## [Description of the task]
Retype, exactly and with nothing added, the lines from the one showing "Axial Fans - Industrial" through the final line of the material. Omit pictures.

## [Input for this task]
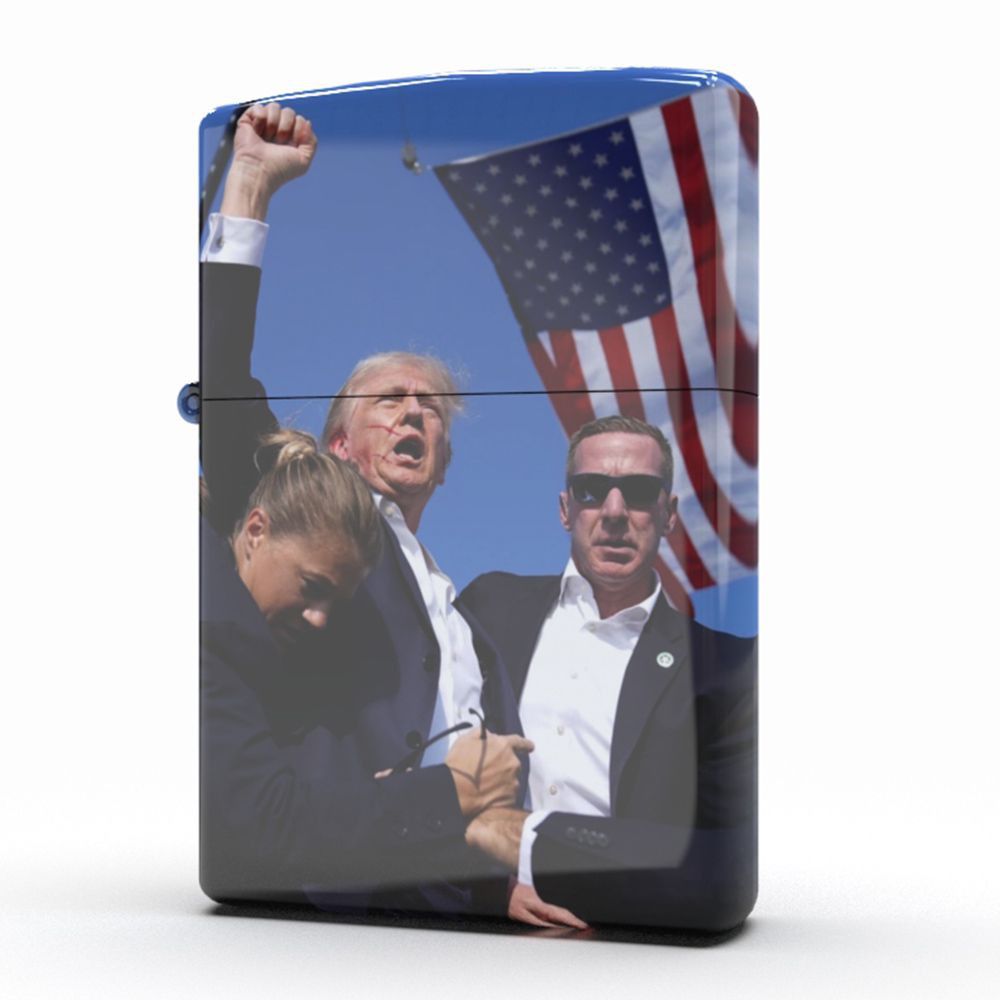 The Unbranded Brand Zippo Lighter Size ONE SIZE - 3 Thumbnail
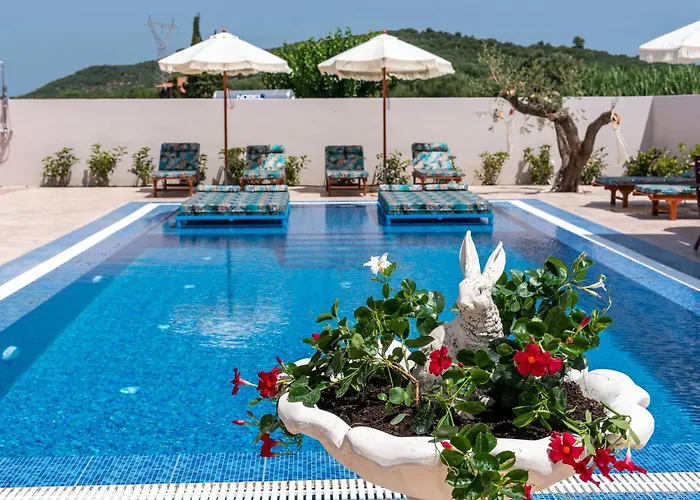 Vakantiehuis Loula's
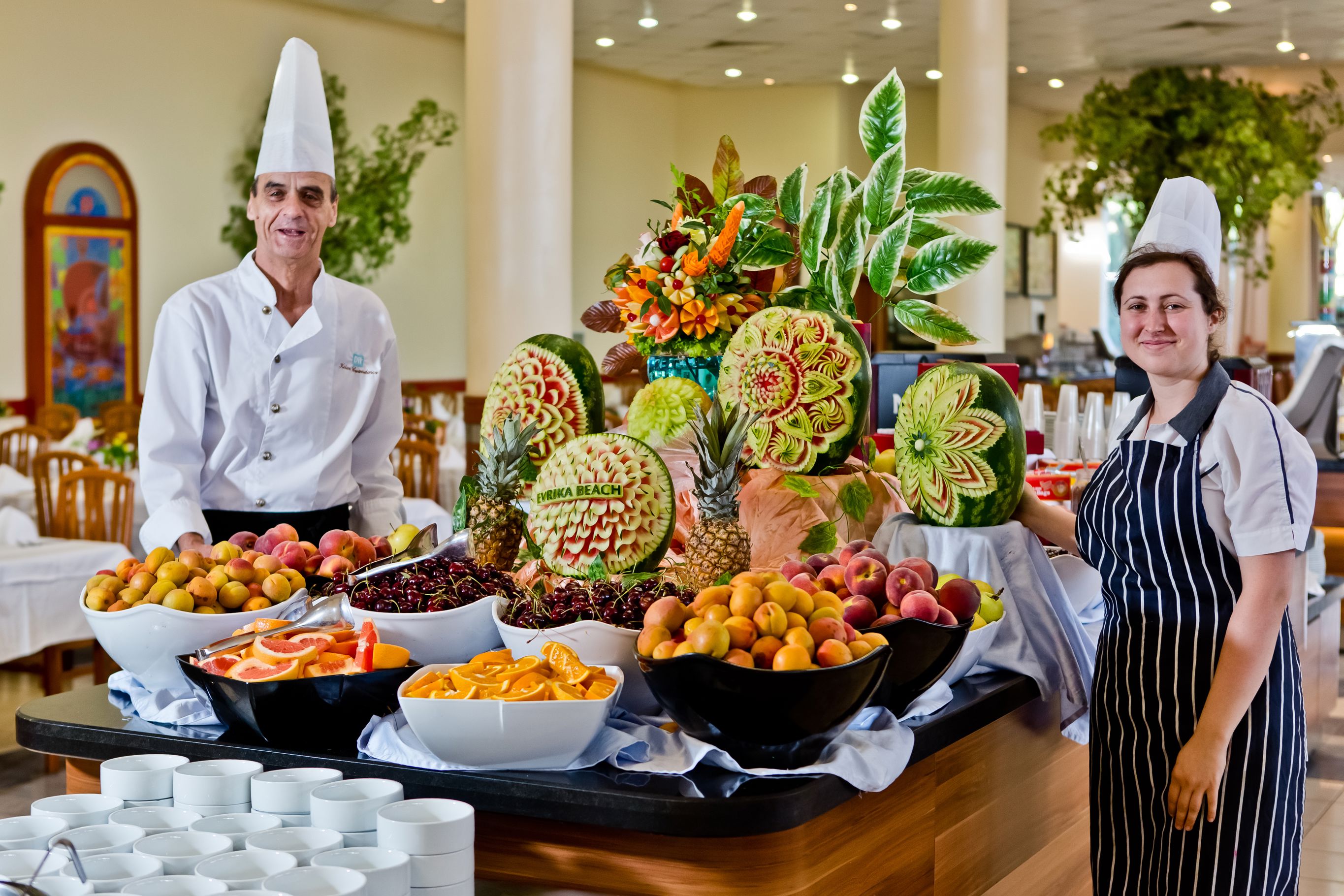 DIT Evrika Beach Club Hotel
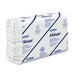 Kleenex C-Fold Paper Towels, 10 1/8 x 13 3/20, White, 150/Pack, 16/Carton - POSpaper.com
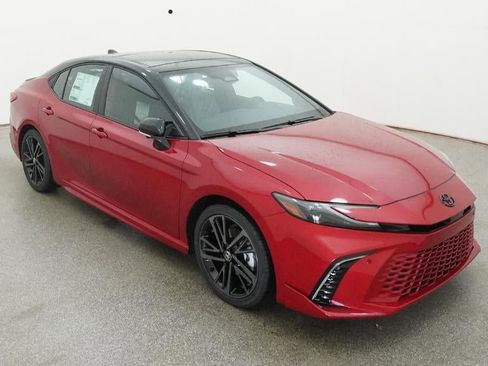 New 2026 Toyota Camry XSE FWD image 13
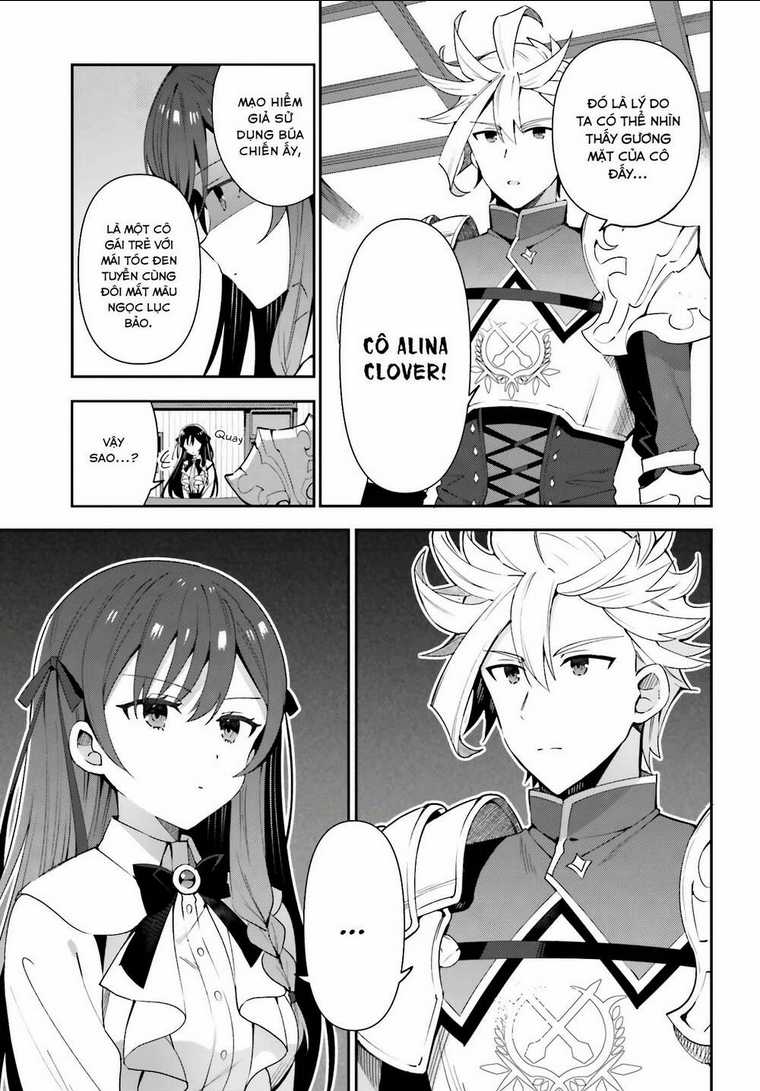 Guild No Uketsukejou Desu Ga, Zangyou Wa Iya Nanode Boss Wo Solo Toubatsu Shiyou To Omoimasu Chapter 3 trang 9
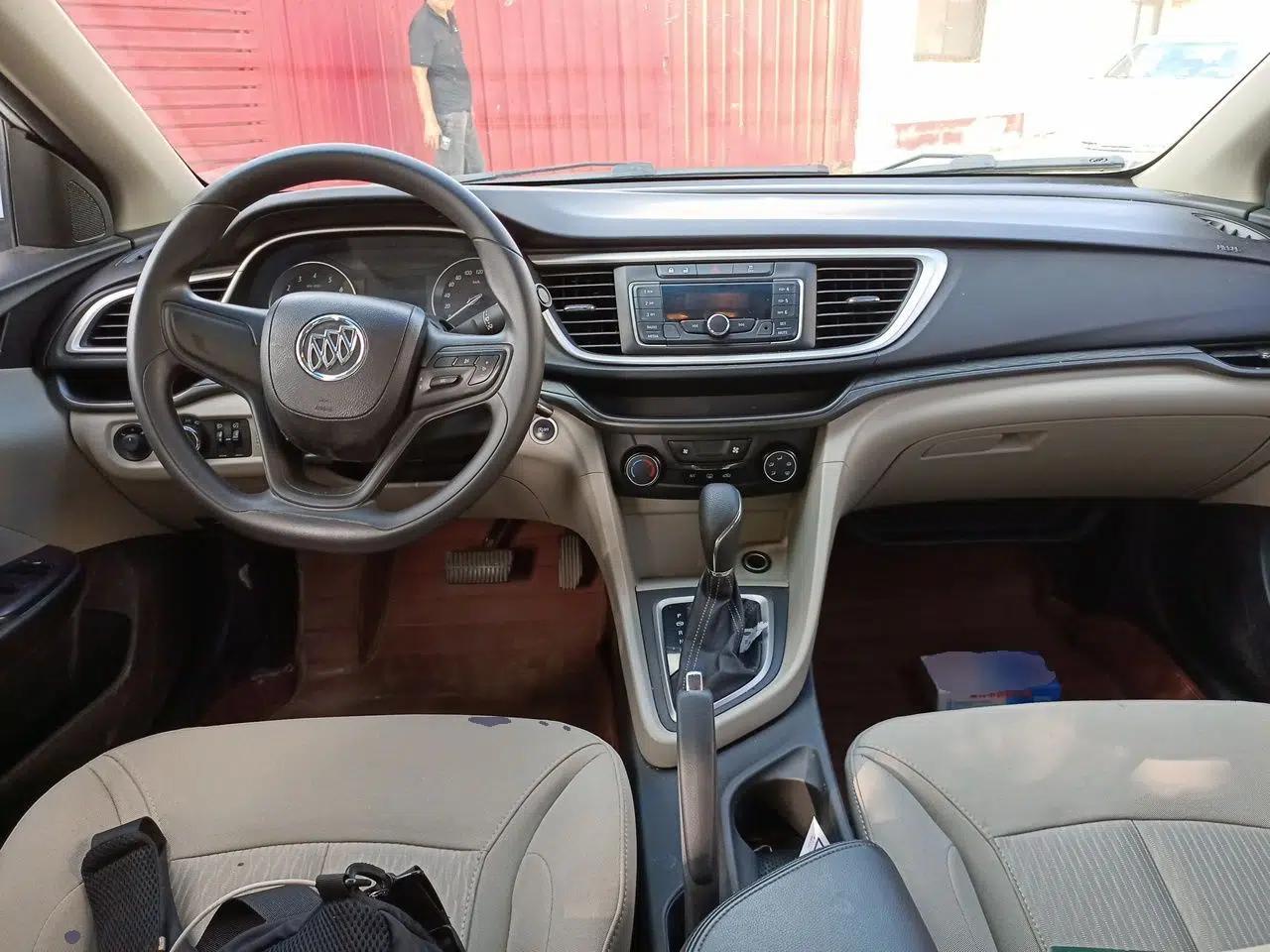 Buick GT 2015 15N Automatic Elite Version — миниатюра 9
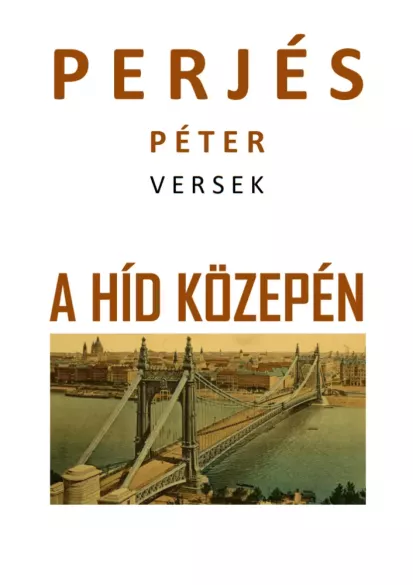 A híd közepén borító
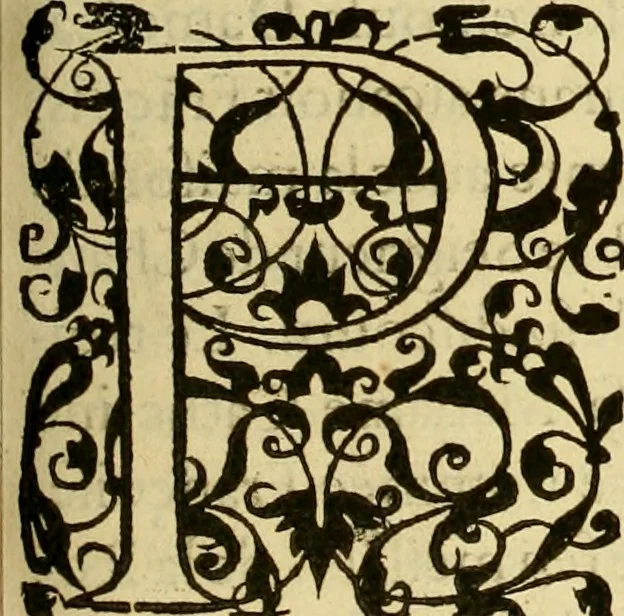 An illustration from Les vrais pourtraits et vies des hommes illustres grecz, latins et payens, 1584, leaf 260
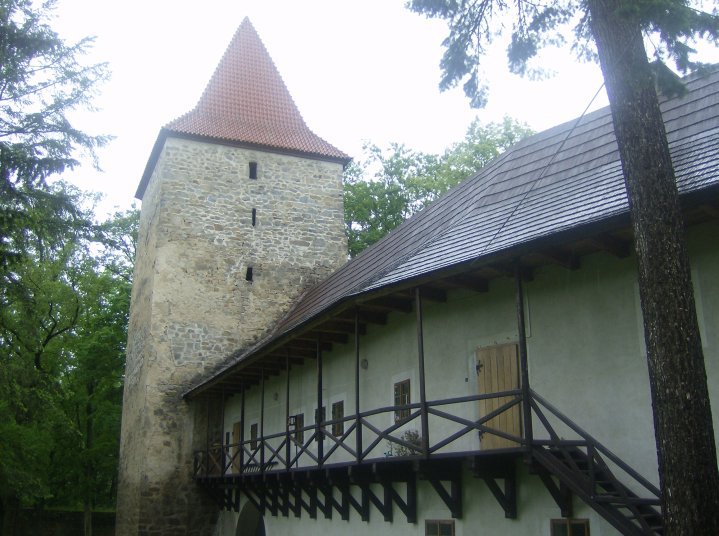 Školní výlet 6. třídy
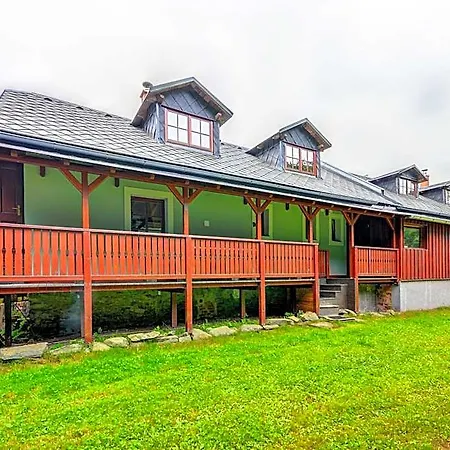 Lodge Pod Mravenecnikem Loučná nad Desnou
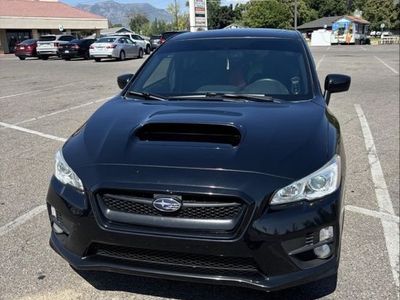 2016 Subaru WRX Premium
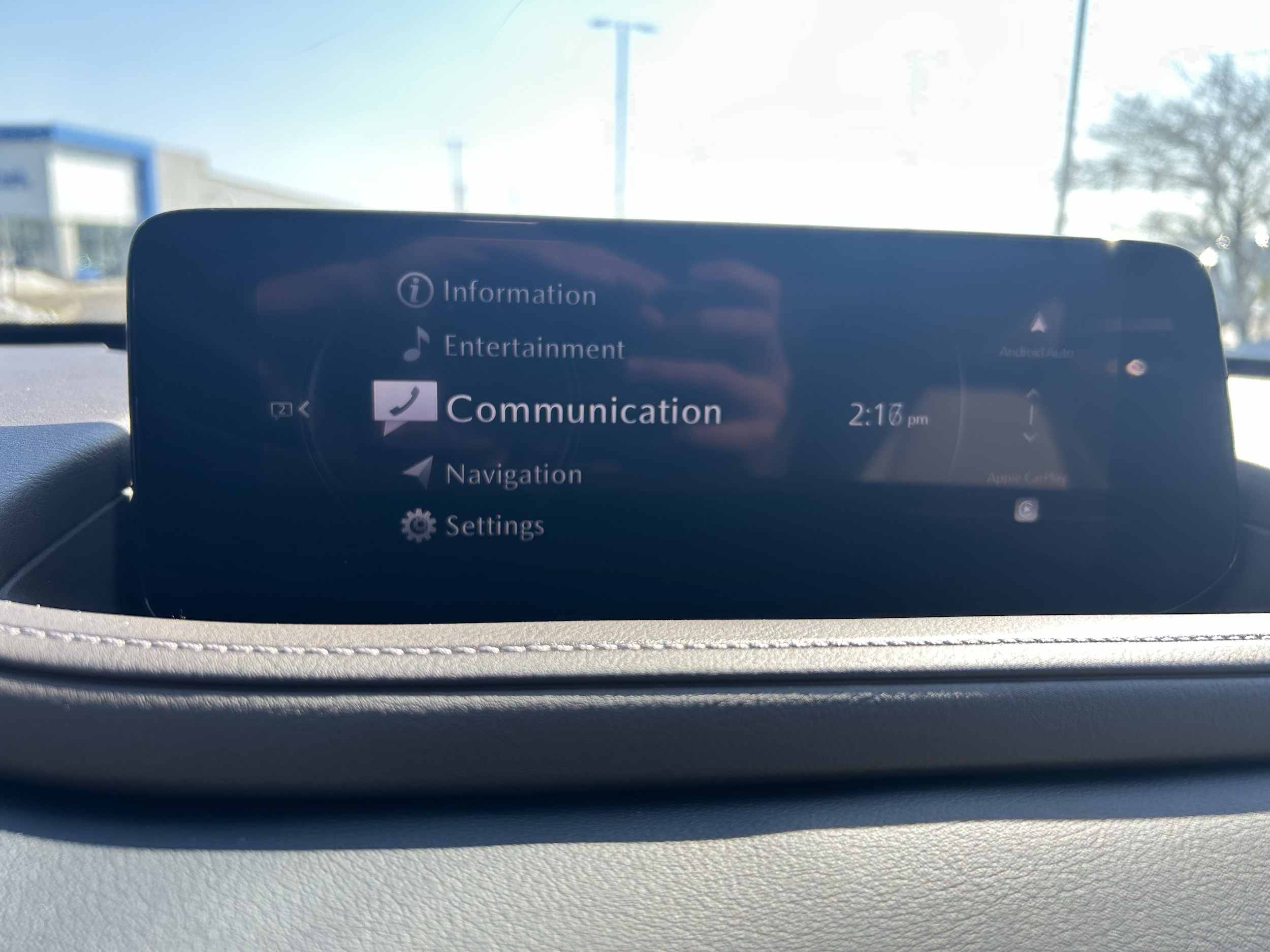 2025 Mazda CX-30 Turbo Premium - Photo 12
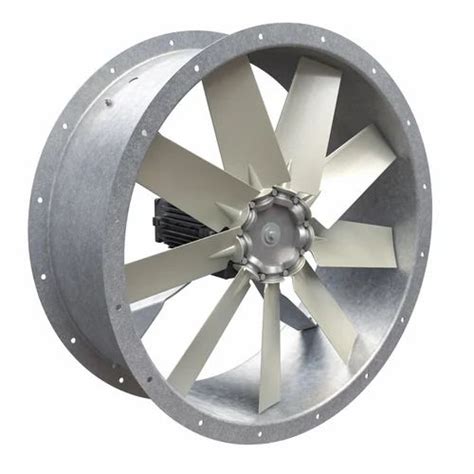 Axial Fans - Industrial Exhaust Fans Service Provider from Chennai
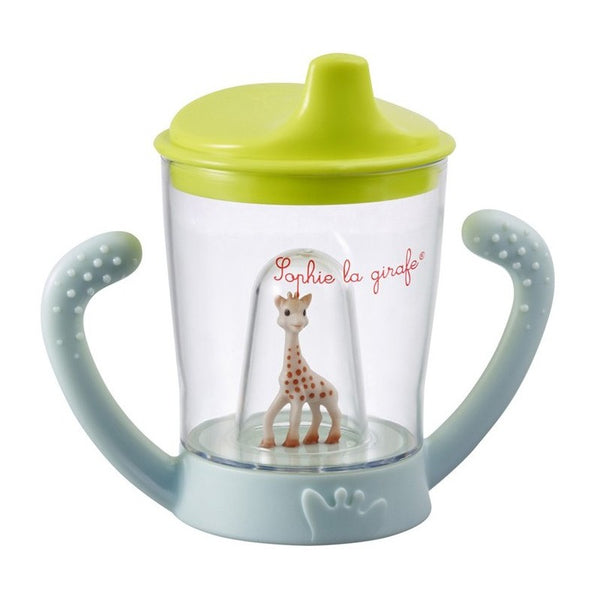 Vaso antiderrame Sophie la Girafe
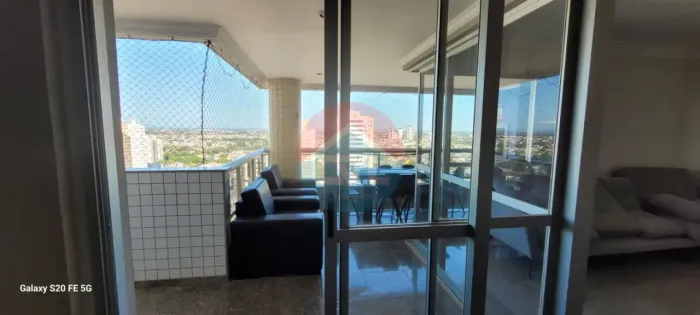 Excelente apartamento com 3 suites no Bosque da Saúde codigo: 134520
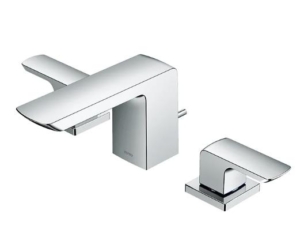 2ハンドル混合水栓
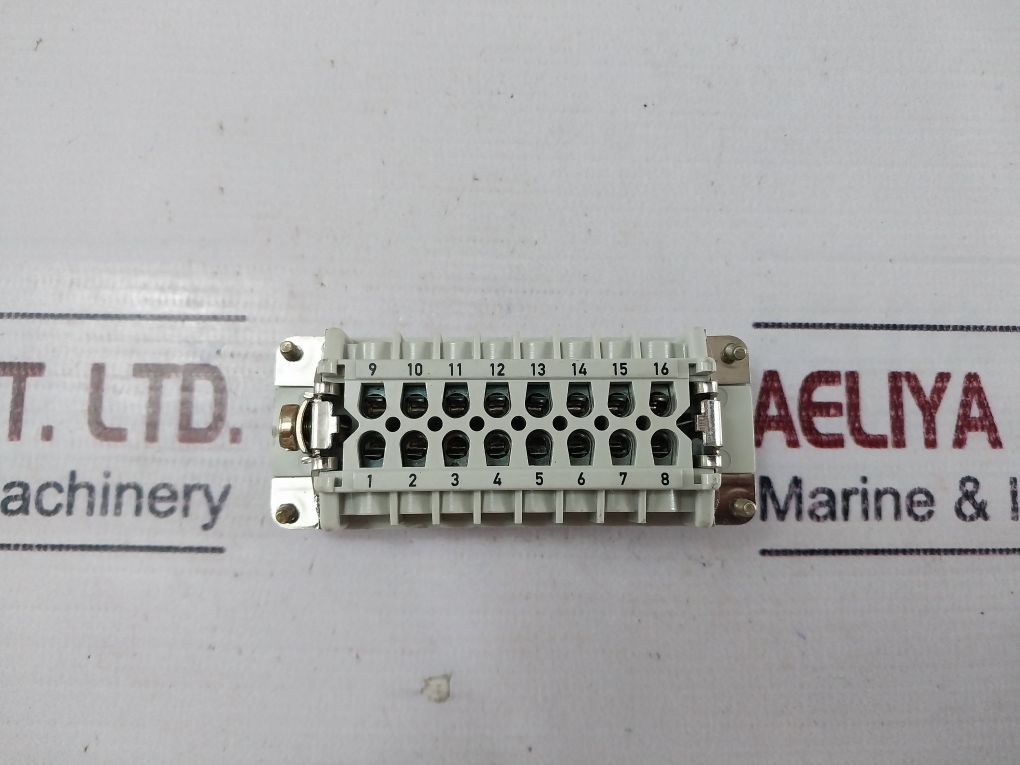 Epic H-be 16 Bs Termination Connector 600Vac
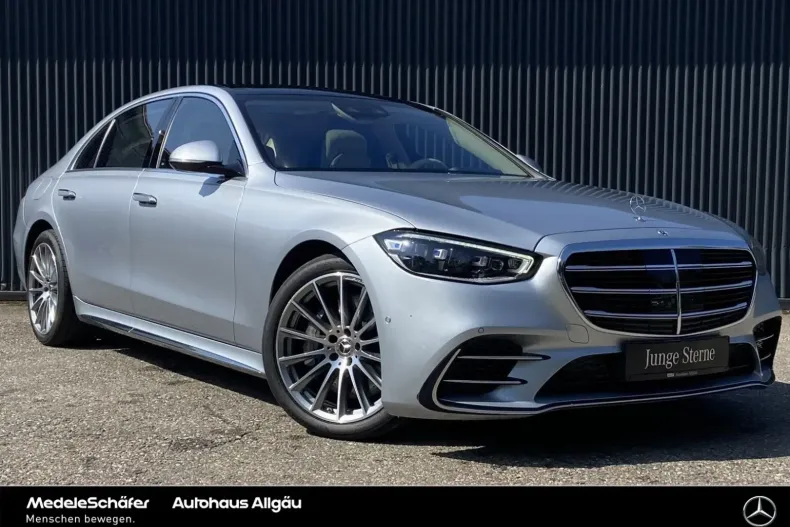 Mercedes-Benz S 580 din 2022 cu 67.321 km - oferta MER120408 - foto 3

## [Final answer]
 Axial Fans - Industrial Exhaust Fans Service Provider from Chennai
 Vaso antiderrame Sophie la Girafe
 Excelente apartamento com 3 suites no Bosque da Saúde codigo: 134520
 2ハンドル混合水栓
 Epic H-be 16 Bs Termination Connector 600Vac
 Mercedes-Benz S 580 din 2022 cu 67.321 km - oferta MER120408 - foto 3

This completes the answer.